Russia’s bobsled team had been heavily entangled in the doping scandal. The federation president, Zubkov, a former bobsledder himself, was given a lifetime ban and stripped of two gold medals by the IOC for doping at the Sochi Winter Olympics in 2014. Zubkov, along with four other Russian bobsledders, were among the minority of Russian athletes who the CAS still found to have committed doping violations when it overturned IOC bans for 28 Russian athletes ahead of the Olympics for lack of evidence. The CAS converted Zubkov’s lifetime ban to a one-off ban for this Olympics, but still ruled he had made a violation.
Krushelnitsky’s disqualification had already prompted some to urge Russia’s Olympic ban to be maintained. Richard McLaren, the Canadian lawyer whose investigation for WADA laid the basis for the ban, this week told the British newspaper the Evening Standard he felt the IOC had made a “huge step backwards” in fighting state-organized doping.
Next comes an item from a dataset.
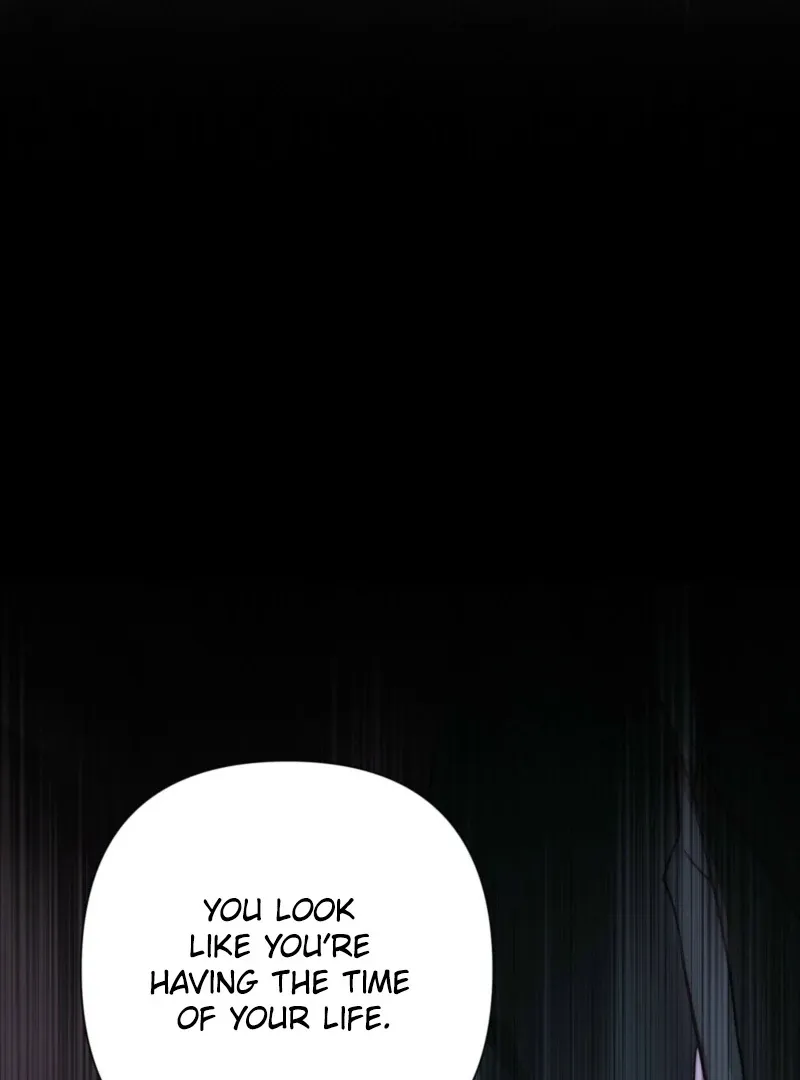 Read Fertile Period Couple chapter 18 image 9 on Lezhin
“The closing ceremony message will be entirely inappropriate — it says to clean athletes that nothing’s being properly done,” Pound said.
He continued, “Russia is not at all contrite. There’s no admission, no promise to correct things. What all this has said is that if you’re big, aggressive and mean, the IOC will fold.”
The IOC has suggested that if Pound is unhappy, he is free to leave the organization, of which he is the longest-serving member.